Cette jeunesse s’engage, même si elle est à quelques milliers de kilomètres de Tunis. Nadia A. fait partie de l'association Uni'T, Union pour les Tunisiens, qui a participé à l'effort d'information, en interrogeant les dirigeants des principaux partis afin d’en faire des vidéos d'une minute postées sur Internet. Le badge autour du cou, elle veille au bon déroulement du scrutin en guidant les gens vers le bon bureau de vote. Elle se réjouit de l’implication des jeunes:
«beaucoup de jeunes bénévoles se sont mobilisés pour venir aider ce matin. Cela montre déjà un changement.»
Et pas un d’entre eux n’omet de citer l’importance des réseaux sociaux, dans la quête, mais aussi dans le partage de l’information.
«J’ai beaucoup utilisé Twitter et Facebook. Je regardais des vidéos de gens sur place sur Youtube, pour voir leurs revendications», affirme Leila Sdiri.

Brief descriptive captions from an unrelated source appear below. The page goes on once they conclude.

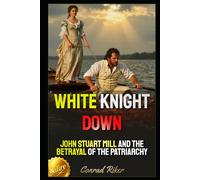 White Knight Down: John Stuart Mill and the Betrayal of the Patriarchy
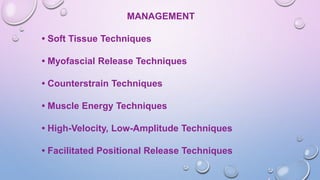 MANAGEMENT
• Soft Tissue Techniques
• Myofascial Release Techniques
• Counterstrain Techniques
• Muscle Energy Techniques
• High-Velocity, Low-Amplitude Techniques
• Facilitated Positional Release Techniques
 
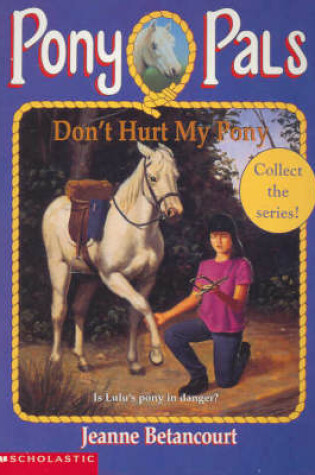 Cover of Don't Hurt My Pony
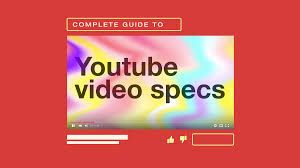 guide to you video ad specs 2021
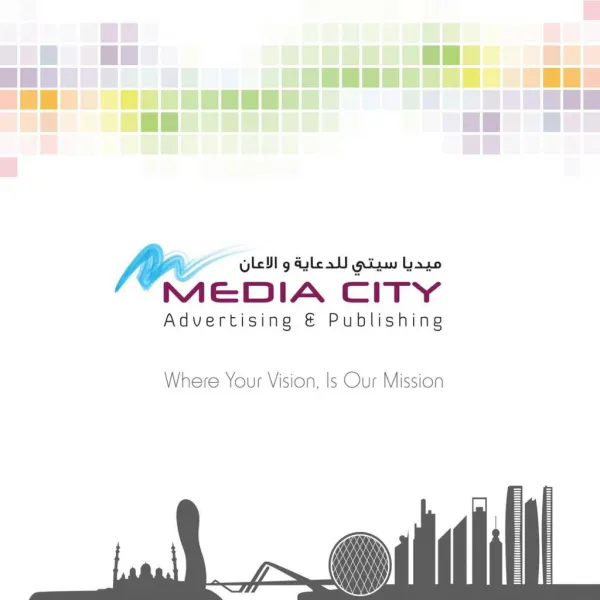 Media City Advertising & Publishing Company Profile 2016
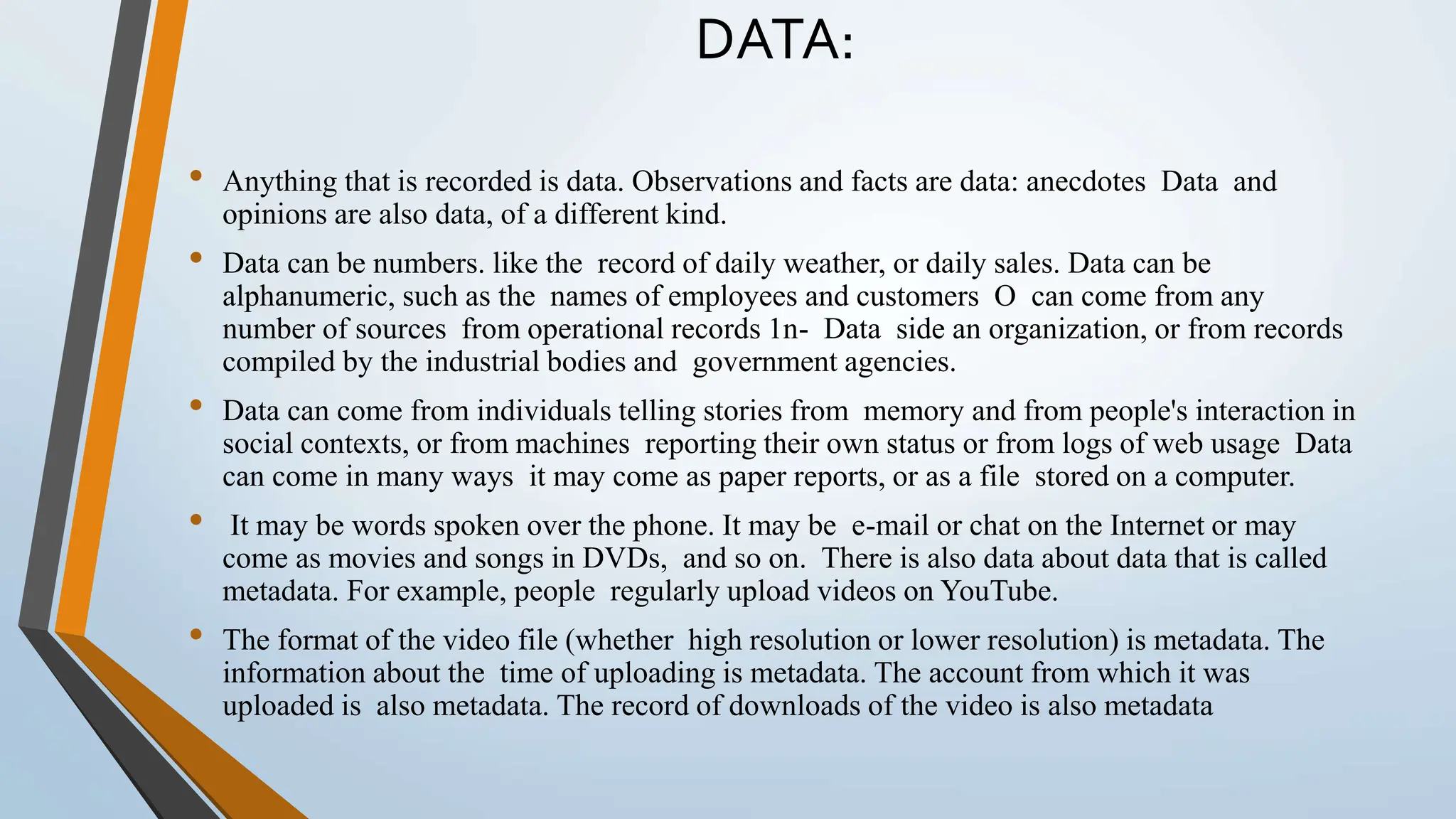 DATA:
• Anything that is recorded is data. Observations and facts are data: anecdotes Data and
opinions are also data, of a different kind.
• Data can be numbers. like the record of daily weather, or daily sales. Data can be
alphanumeric, such as the names of employees and customers O can come from any
number of sources from operational records 1n- Data side an organization, or from records
compiled by the industrial bodies and government agencies.
• Data can come from individuals telling stories from memory and from people's interaction in
social contexts, or from machines reporting their own status or from logs of web usage Data
can come in many ways it may come as paper reports, or as a file stored on a computer.
• It may be words spoken over the phone. It may be e-mail or chat on the Internet or may
come as movies and songs in DVDs, and so on. There is also data about data that is called
metadata. For example, people regularly upload videos on YouTube.
• The format of the video file (whether high resolution or lower resolution) is metadata. The
information about the time of uploading is metadata. The account from which it was
uploaded is also metadata. The record of downloads of the video is also metadata
 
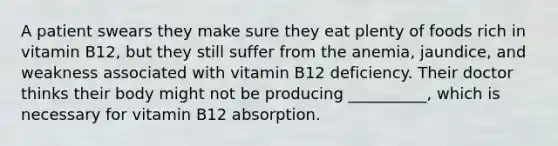 A patient swears they make sure they eat plenty of foods rich in vitamin B12, but they still suffer from the anemia, jaundice, and weakness associated with vitamin B12 deficiency. Their doctor thinks their body might not be producing __________, which is necessary for vitamin B12 absorption.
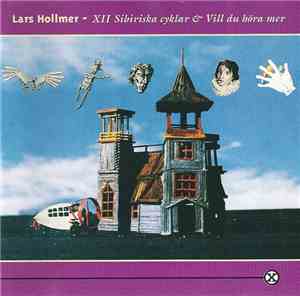 Lars Hollmer - XII Sibiriska Cyklar & Vill Du Höra Mer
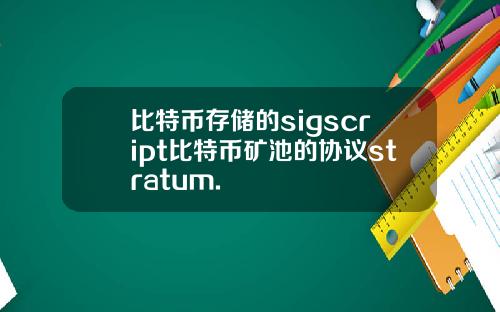 比特币存储的sigscript比特币矿池的协议stratum.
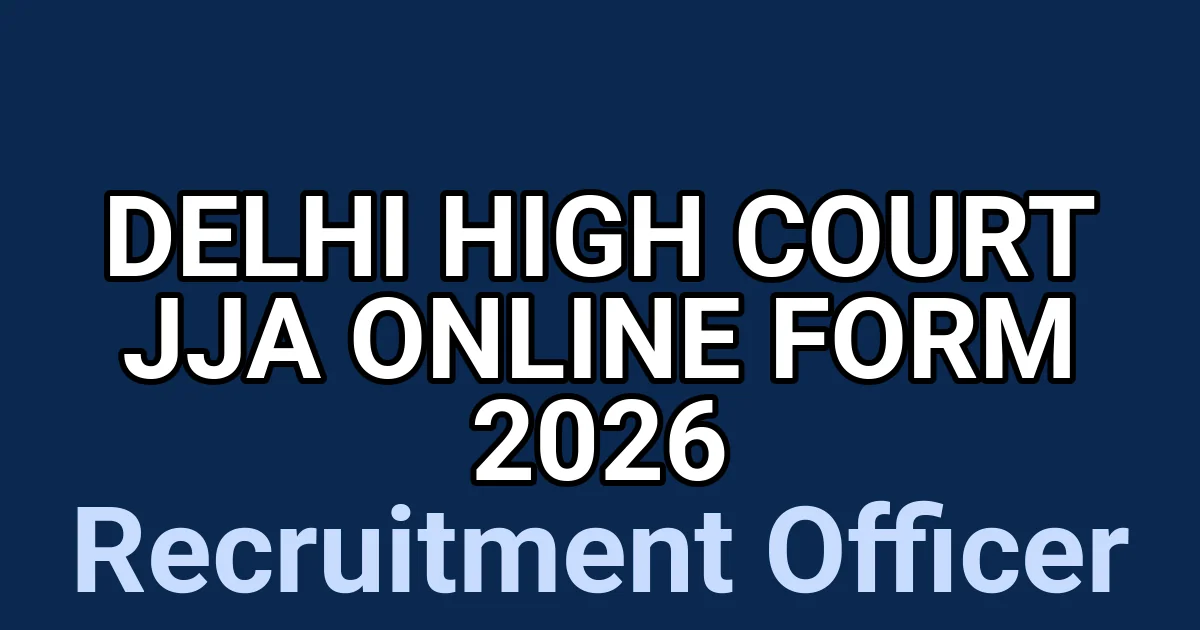 Delhi High Court JJA Online Form 2026 1 tmp03w9e7l5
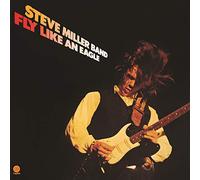 Steve Miller Band - Fly Like An Eagle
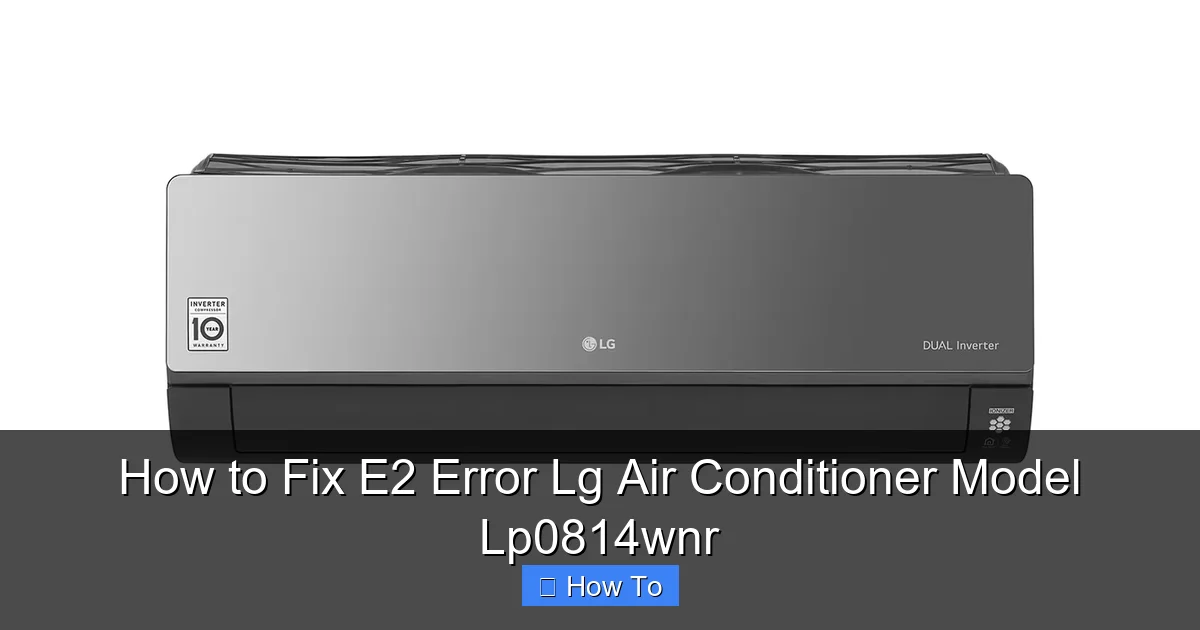 How to Fix E2 Error Lg Air Conditioner Model Lp0814wnr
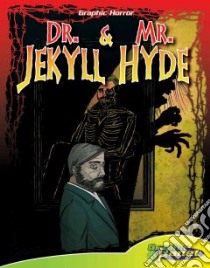 Dr. Jekyll & Mr. Hyde libro in lingua di Ho Jason (ADP)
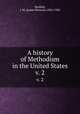 A history of Methodism in the United States. v. 2, Buckley, J. M. (James Monroe) 1836-1920 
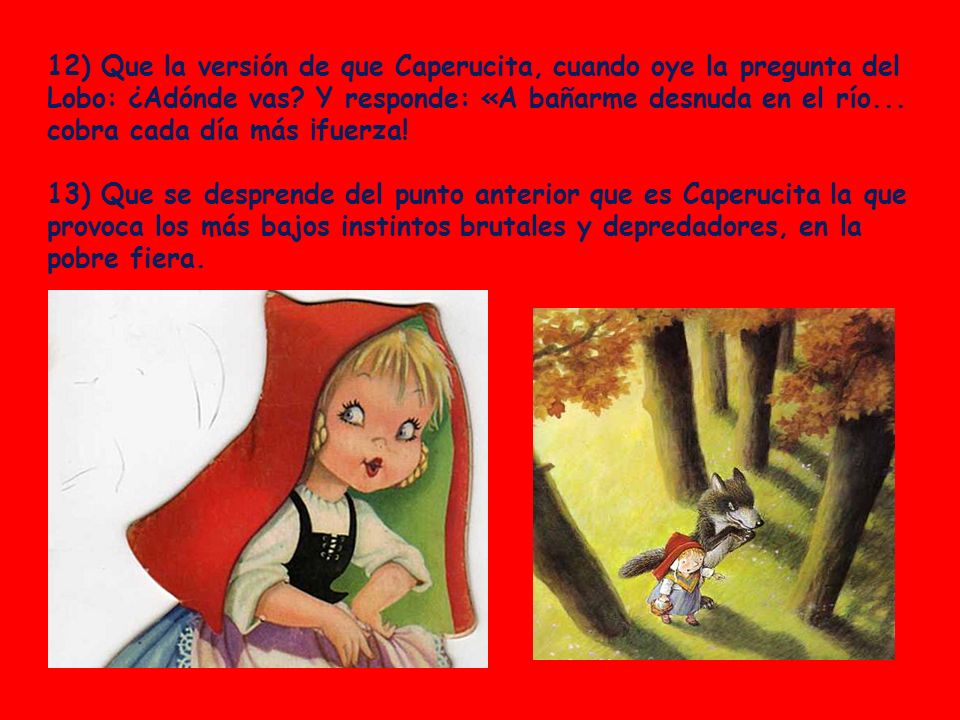 12) Que la versión de que Caperucita, cuando oye la pregunta del Lobo: ¿Adónde vas.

Ali explique qu’il a été mis au courant des conférences et meeting à Paris, grâce aux invitations Facebook lancées par les différents partis.

Tous ne sont pas optimistes quant à l’issue du scrutin. Mais tous sont fiers et heureux de pouvoir s’exprimer librement et ont apparemment réussi à faire un choix. Ces Tunisiens de France donnent l’image d’une génération dynamique qui se saisit de son droit de vote parce qu’elle croit à nouveau en la possibilité d’une démocratie. La plupart d’entre eux n’ont pas fait la révolution sur place, ce que leurs compatriotes peuvent parfois leur reprocher. Mais nombreux sont ceux qui, à l’image de ce jeune artiste qui a recueilli sur des toiles les dédicaces des électeurs de Paris à ceux de Tunisie, leur envoient de chaleureux messages d’espoir.